予想外の事に、早くも仮面が取れてきているアルマンドは叫ぶ。


「ふっふっふ、アタシが作ったメイド服がただのメイド服なわけがないでしょう? アタシの魔力に反応して、どんな攻撃も通さない無敵のメイド服になるのよ!」



 ミリアーナは、ドヤ顔でアルマンドに説明するがミリアーナの事が見えないアルマンドはやけくそにもう片方の短剣で俺を攻撃してくるが、そちらもあっさりと砕け散ってしまう。

 己の不利を悟ったのか、アルマンドは踵を返すと奥の方へと逃げていく。


「アルバ様、大丈夫でしたか!?」


 アルマンドの姿が消えた後、青ざめたフラムが駆け寄ってくる。


「うん、僕は大丈夫。心配かけてゴメンね?」


 俺の言葉を聞くと、フラムは腰が抜けたのかペタンと座り込んでしまう。


「……良かったですわ。アルバ様に何かあったら私……本当に良かった」


 フラムは、そのままうつむいてポロポロと涙を流しだす。


「え、あ……」


 その光景に俺はドキリとして、あたふたと慌ててしまう。

 ミリアーナが、俺の脇腹突いてきて頭を撫でる素振りを見せてくる。

 俺は、ミリアーナの意図を察しフラムの頭を撫でることにした。


「うう、情けないところをお見せしてしまいましたわ」


 あれから少し経って落ち着いたフラムは、目を赤くしながら謝ってくる。


「いや、心配かけた僕も悪いしね……」


「それで……どうして無事だったんですの? なにか、魔法を使ったようにも見えませんでしたが……」


「あ、そうだ。ミリアーナさん、説明してくださいよ。どうして此処が分かったんですか? アルディやグラさんは呼び出せなかったのに」


「それは、単にアタシがアルバちゅわんに憑りついてるからよ。宿主だからすぐわかったの。アルディちゃんやグラさんを探す時間は無かったからアタシだけってわけ」


 なるほど。憑りついてたのが逆に良かったって事か。

 あれ? でも、それだと似た条件のアルディはどうなるんだ?


「この部屋と校舎は魔力が切れてるわけじゃないから、契約者の異変を感じないのよ。私はメイド服を媒体にしてるから分かったけどね。それで、こっちに来て分かったけど、こっちから校舎側に干渉は出来ないみたいなのよね。多分、アルディちゃん達を呼べなかったのはそこらへんが原因だと思う」


 あー、つまりRPGとかでよくある『不思議な力で掻き消されてしまった!』って奴か。

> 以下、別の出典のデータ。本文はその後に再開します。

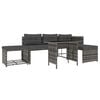 vidaXL Patio Dining Set Set of 4 Grey PE rattan Large Patio Dining Set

 まあ、邪神を封印している空間なんだから、それくらいは有っても不思議じゃないな。

 俺は、今ミリアーナから聞いた話をフラムにしてやる。


「なるほど、それで無事だったのですね。……それにしても、そこまで強力な防御魔法を使えるなんてミリアーナさんて方は凄いのですね」


 確かに、魔物にやられたオカマ冒険者にしては強力な魔法な気がする。

 少し盛ってるかもしれないが、少なくともアルマンドの短剣を粉々にするくらいには防御力があるのは間違いない。


「……ミリアーナさんって何者なんですか? ただの冒険者ではないでしょう?」


「うーん……まあ、アルバちゅわんには言っても良いわね。実は、アタシはミリアーナって名前じゃないの。アタシの本当の名前はウォーエムルよ。ごつい名前だからあんまり好きじゃないのよね」


「ウォーエムル……?」


 って、何処で聞いたんだっけかな……。


「ア、アルバ様……ウォーエムル様ってあの五英雄では……」


「え? あ、あー!」


 フラムの言葉に、俺は以前聞いた話を思い出す。

 そうだ! ウォーエムルって言えば、邪神を倒した五英雄の1人。『無敵の盾』ウォーエムルじゃねーか!

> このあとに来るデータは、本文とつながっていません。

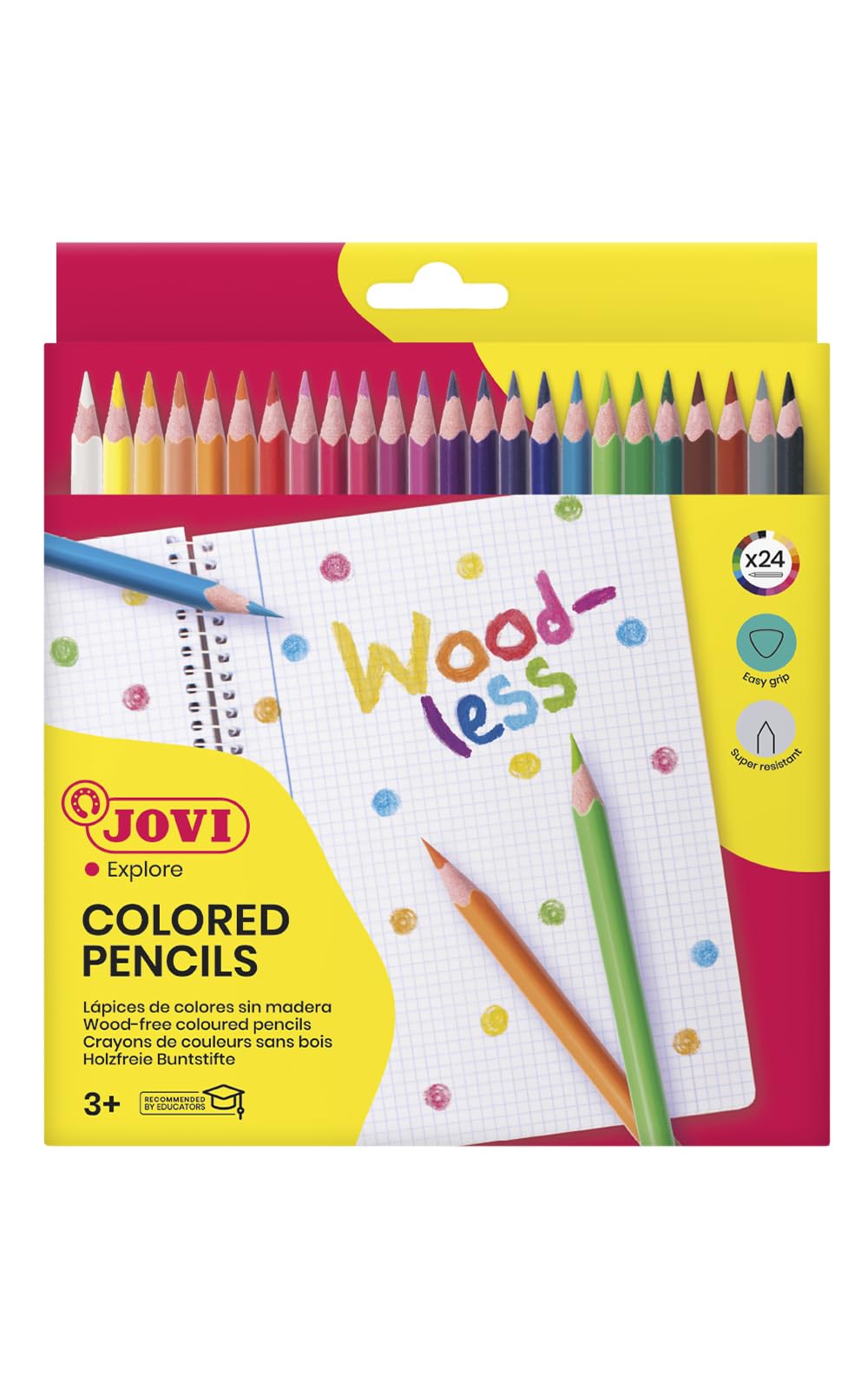 Jovi - Lápices de colores Woodless de 24 unidades Colores surtidos (734/24)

 え? なに、もしかしてあの英雄がこんなオカママッチョなの?


「あー、今はそう言われてるらしいわね。 そう、アタシは無敵の盾のウォーエムル。無敵の盾って言ってるけど邪神には敵わなかった無残な負け犬よ」


 ミリアーナ……いや、ウォーエムルは哀愁漂わせた表情でそう言う。

 

「いや、なんか悲劇の主人公っぽく振る舞ってますけど、今の生活結構気に入ってますよね?」


 今までのウォーエムルの行動を振り返ると物凄く生き生き(?)してるように見えたのでとても過去を引きずっているようには見えなかった。

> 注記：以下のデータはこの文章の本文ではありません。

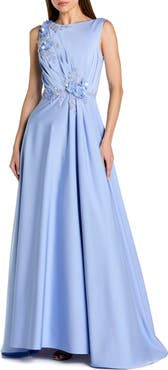 Mac Duggal Floral Applique Sleeveless A Line Gown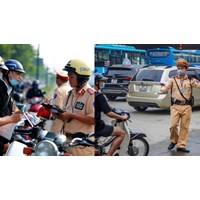 Cảnh sát giao thông đi xe biển trắng có được dừng xe xử phạt?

「もちろん! いやー、最初は死んだときは100年くらい落ち込んでたけどね? 逆にこれはチャンスだと思ったのよ。好きなだけ男の娘を堪能できるチャンスだと!」


 ……うん。正直、ウォーエムルはこんな奴だと思ってた。

 こいつにシリアスは絶対似合わない。


「邪神も残りの皆で封印したし、時効って事で皆も許してくれてるはずよん。あ、アタシの事はこれまで通りミリアーナって呼んでね?」


「あの、アルバ様? ウォーエムル様は何て仰ってるんですか?」


「うん……『俺が来たからにはもう安心だ』って言ってる」


「まぁ! 流石は五英雄の1人。頼もしい限りですわね」


 俺の言葉を素直に信じたフラムは、キラキラと目を輝かせる。

 …………フラムの英雄像を壊したくないからな。嘘も方便嘘も方便。